The deduced amino acid sequence of the VH single domain library showed an unexpected length distribution, with more than 10.3% of non-functional out of frame sequences. Because in MiSeq indels are very rare, the length is most likely a natural feature rather than a sequencing artifact. As of today, the molecular mechanism whereby lymphocytes discard nonsense or out of frame variable domains and assemble only functional chains remains somewhat obscure. Interestingly, we observed in the hVH library a 7:1 ratio between functional and non-functional chains, which reflect the IgM RNA composition of PBLs. Indeed, this observation is in accordance with previous reports in mouse models [39,40]. In addition, the observed ratio appears to be remarkably high, even hypothesizing DNA silencing mechanism or RNA nonsense mediated decay taking place after transcription. In fact, if all the non-functional sequences were translated, there would be a considerable amount of useless transcripts and protein products. Moreover since this ratio refers only to a single chain, and an assembled antibody must have four correct chains to be functional, the ratio of functional assembled antibody would be even lower. Thus, it is clear that some kind of mechanism prevents the translation of these non-functional RNAs in vivo. Regarding the implications for antibody library screening, assuming the worst-case scenario where the light chains have the same functional proportion of the heavy chains, we could tentatively conclude that more than 80% of single chain library elements and more than 64% of scFv library elements encode a correct protein product.

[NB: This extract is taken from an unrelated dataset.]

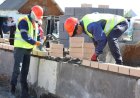 Біреуі көз жұмды: Атырауда жұмысшылар 5-қабаттан құлап кеткен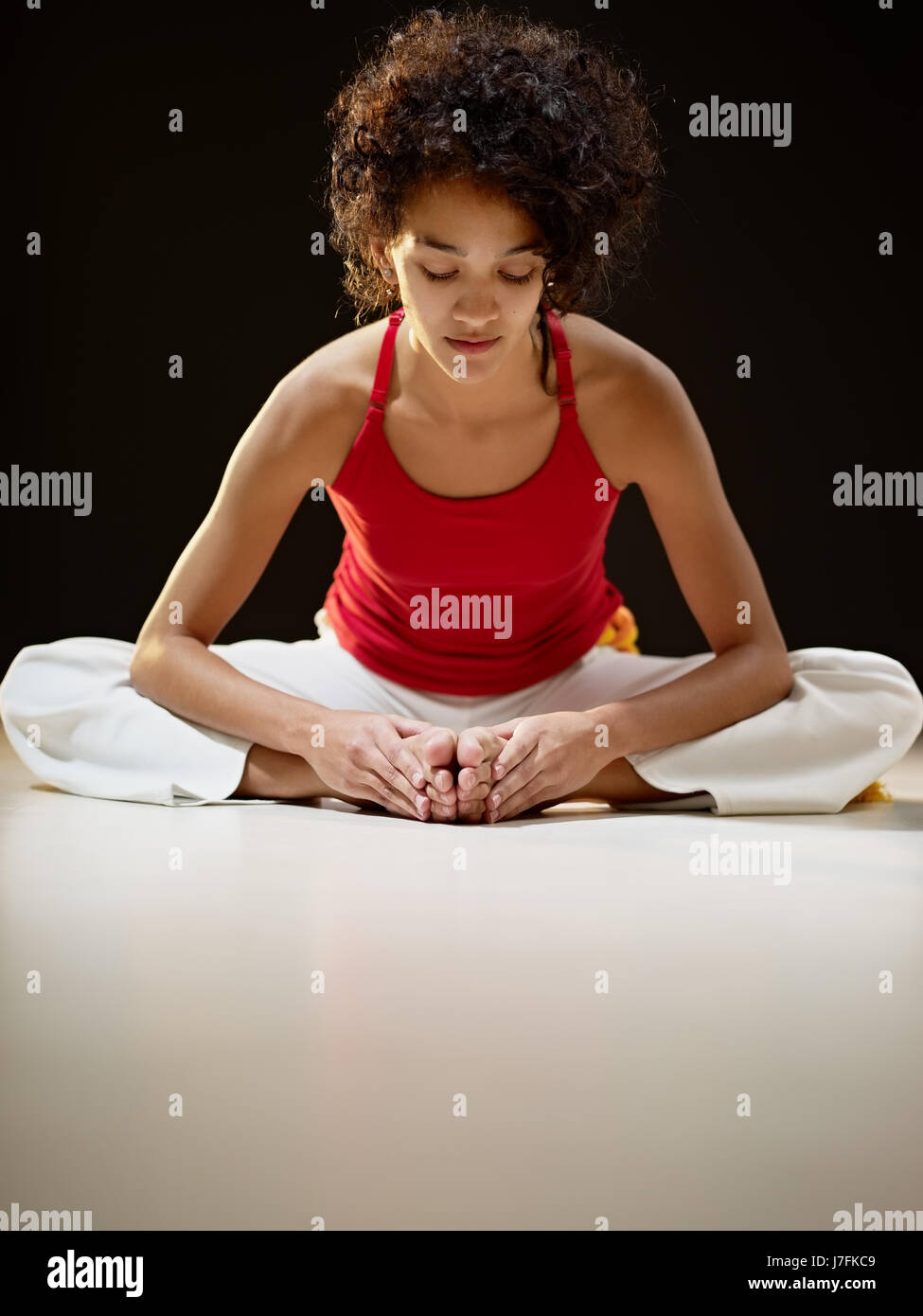 Frau Konzentration Meditation Yoga Belastung dehnen Zen Training Übung Stockfoto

Concluding, besides deep sequencing, the only other available method to determine the quality of an antibody library is a functional assay: the actual selection against an antigen. This is a valid practical strategy, although it is time consuming and can only give information on whether a library is adequate for screening purposes. The best general prediction of the capability of a library to undergo successful screenings is the estimate of its complexity in the most accurate possible way. Indeed, the complexity of a library can be directly linked to the probability to find a given binder of adequate affinity [18]. The method presented provides an advance towards this goal, by eliminating PCR steps and by compensating the technical errors. This method was validated for SPLINT intrabody libraries, but it is readily extendable to any antibody library of standard size. Moreover, DEAL software is independent of the sequencing platform and can be even more reliable with the greater number and more precise sequences that will be hopefully available in the future with the advancement of NGS technology.